**WHAT THIS TASK INVOLVES:**
When you copy from the entries that follow, take only the lines from the one with "Biela domčeková detská" down to the one with "Karpet Karpet Bulat", keeping both ends and dropping every picture.

(MATERIAL FOR THIS EXERCISE Opens)

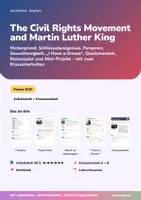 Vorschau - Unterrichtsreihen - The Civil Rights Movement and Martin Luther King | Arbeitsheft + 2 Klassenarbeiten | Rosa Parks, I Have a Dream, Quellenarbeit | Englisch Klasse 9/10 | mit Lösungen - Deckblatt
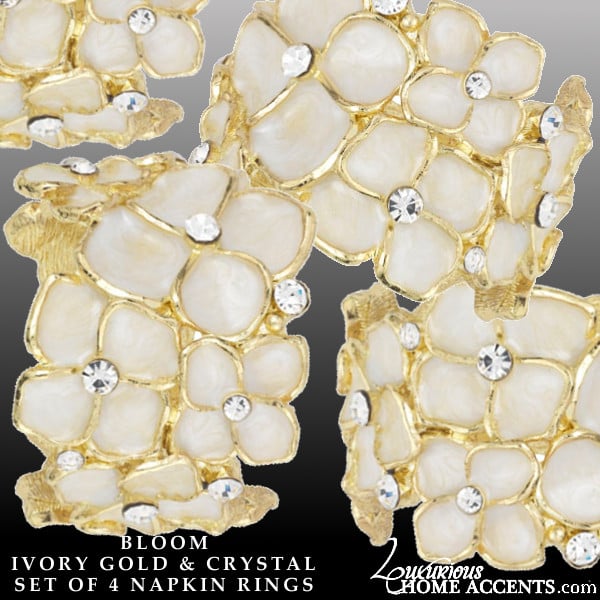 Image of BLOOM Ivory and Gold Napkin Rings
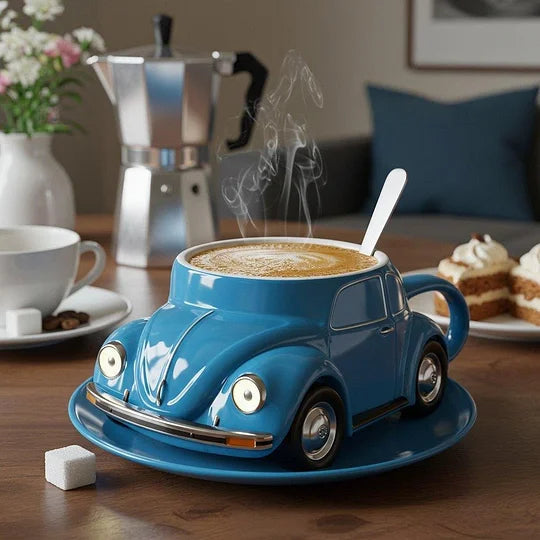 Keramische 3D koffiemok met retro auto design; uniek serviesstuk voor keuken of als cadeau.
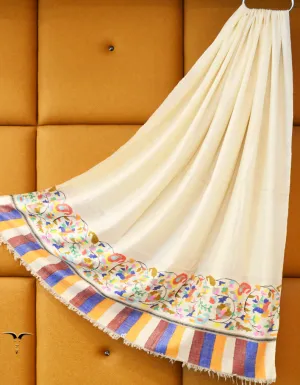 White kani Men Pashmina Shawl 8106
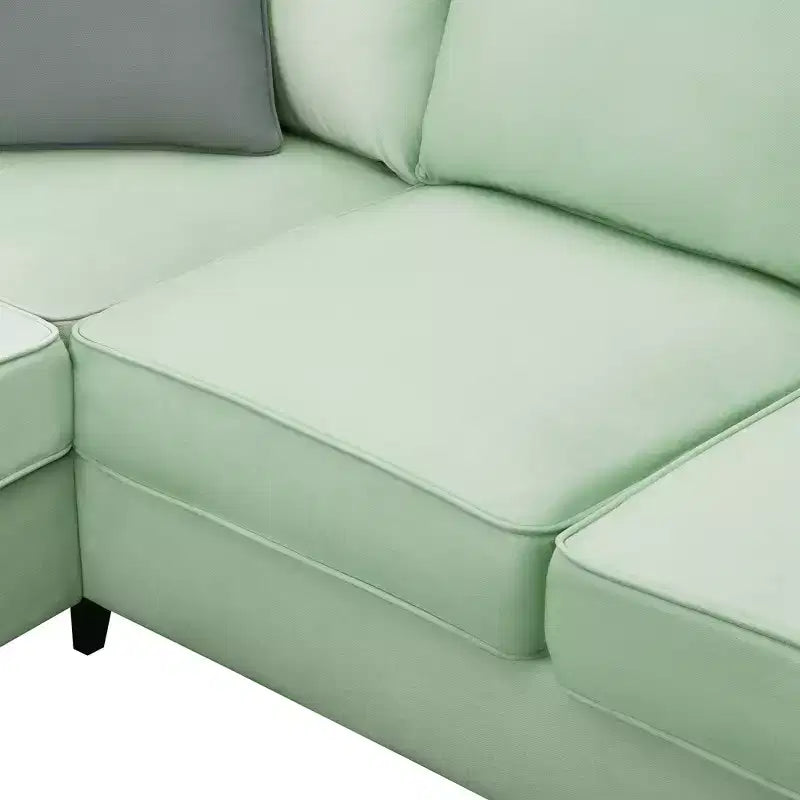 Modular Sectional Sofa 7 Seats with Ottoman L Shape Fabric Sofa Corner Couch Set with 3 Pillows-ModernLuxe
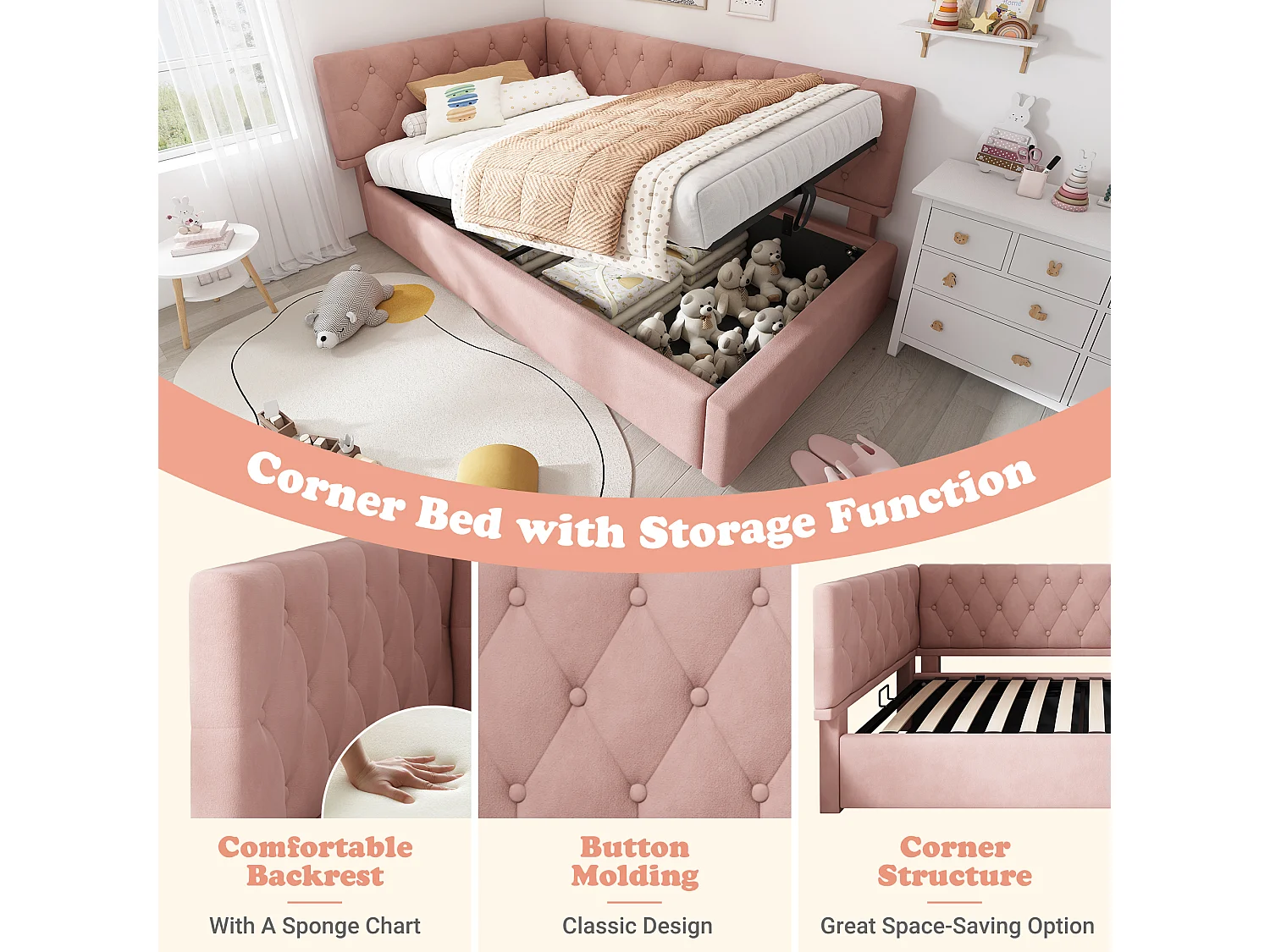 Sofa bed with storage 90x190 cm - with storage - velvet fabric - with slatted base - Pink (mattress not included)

(MATERIAL FOR THIS EXERCISE Closes)
(MATERIAL FOR THIS EXERCISE Opens)

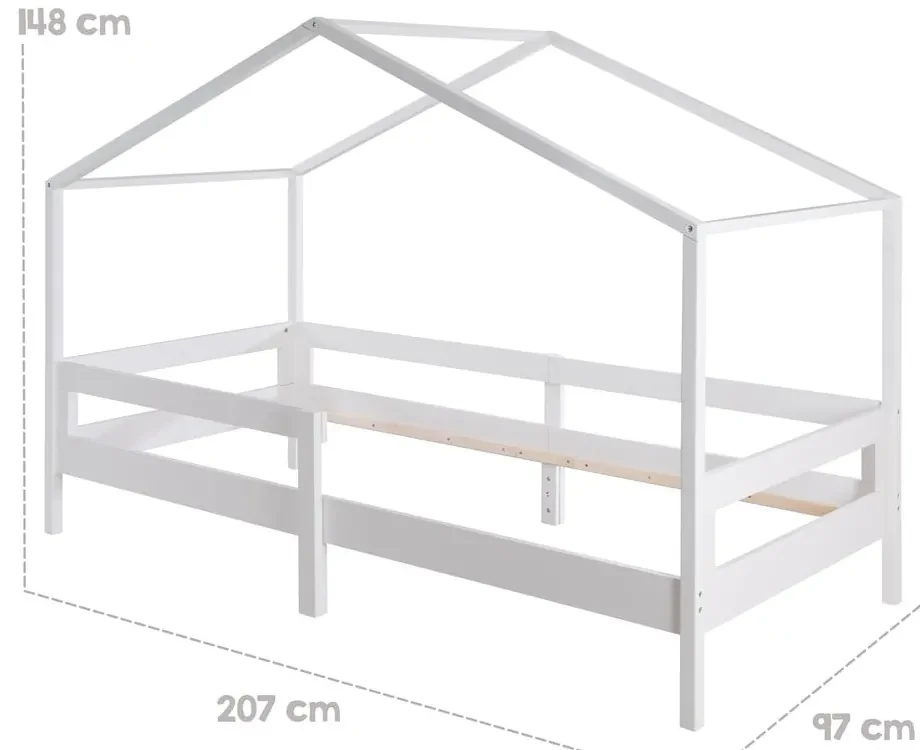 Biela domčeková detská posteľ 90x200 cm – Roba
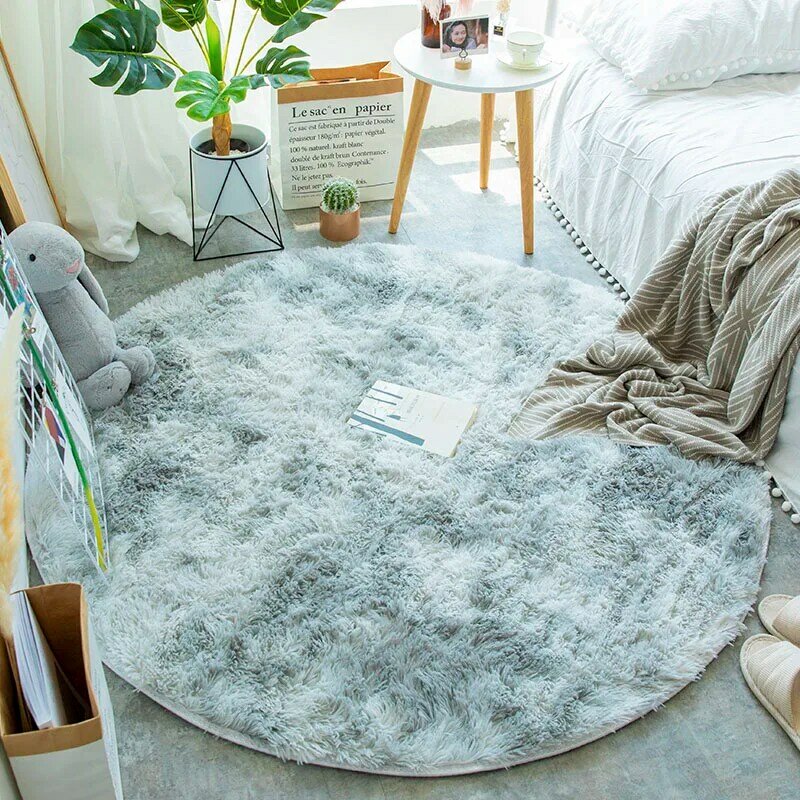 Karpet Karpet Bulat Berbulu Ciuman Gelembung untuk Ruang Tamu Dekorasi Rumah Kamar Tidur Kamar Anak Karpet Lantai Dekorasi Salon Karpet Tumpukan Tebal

(MATERIAL FOR THIS EXERCISE Closes)

**ANSWER TO THIS TASK:**
 Biela domčeková detská posteľ 90x200 cm – Roba
 Karpet Karpet Bulat Berbulu Ciuman Gelembung untuk Ruang Tamu Dekorasi Rumah Kamar Tidur Kamar Anak Karpet Lantai Dekorasi Salon Karpet Tumpukan Tebal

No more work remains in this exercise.